Tropical Winter Escape Pineapple Chicken

Featured in: Weeknight Dinners

Enjoy a vibrant, one-pan chicken skillet bursting with juicy pineapple, bell peppers, and zesty aromatics. Golden sautéed chicken mingles with ginger, garlic, and colorful veggies before being coated in a tangy soy-honey sauce. Fresh cilantro and crunchy nuts add a tropical finish, while lime wedges brighten every bite. Simple to prepare, gluten-free friendly, and perfect for busy weeknights or when you crave sunshine on your plate during winter. Serve over steamed rice or cauliflower rice for a delicious meal everyone will love.

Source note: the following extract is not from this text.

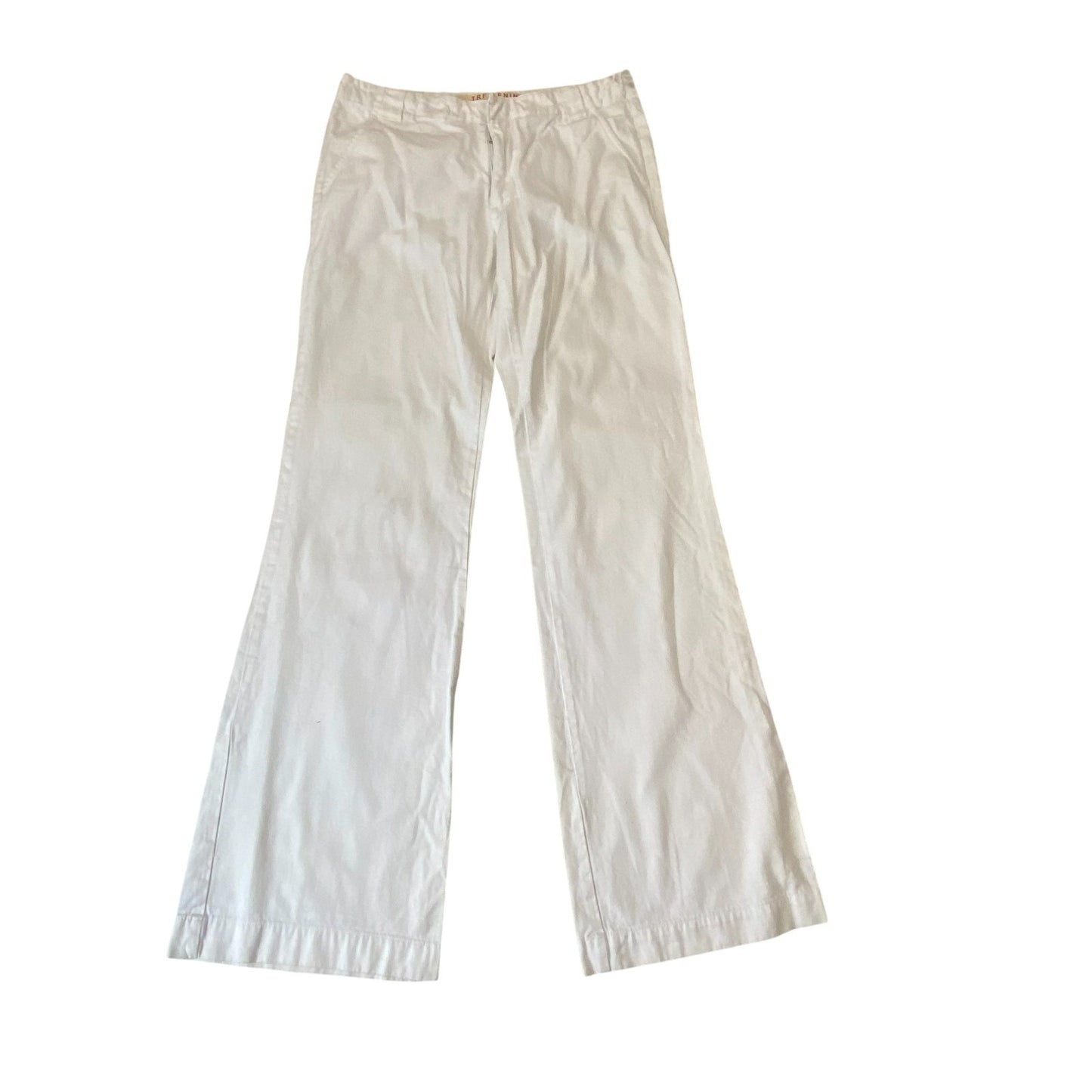 TRF Denim Pants Womens Medium W28 L30 White Wide Leg Flat Front Slash Pockets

Updated on Sat, 20 Sep 2025 14:50:18 GMT
Tropical Winter Escape Pineapple Chicken Skillet served sizzling hot with caramelized pineapple chunks and vibrant peppers. Pin
Tropical Winter Escape Pineapple Chicken Skillet served sizzling hot with caramelized pineapple chunks and vibrant peppers. | grillandbites.com

Recipe FAQ

Can I use canned pineapple instead of fresh?

Yes, canned pineapple works well and is convenient. Drain it thoroughly for best results; however, fresh pineapple offers a naturally sweeter, brighter flavor.

What sides go best with this skillet?

Steamed white or brown rice are classic choices. For lighter options, try quinoa or cauliflower rice to soak up the flavorful sauce.

How spicy is this dish?

The heat level is mild, with chili flakes provided as an option. You can easily add more flakes or a diced chili for extra kick.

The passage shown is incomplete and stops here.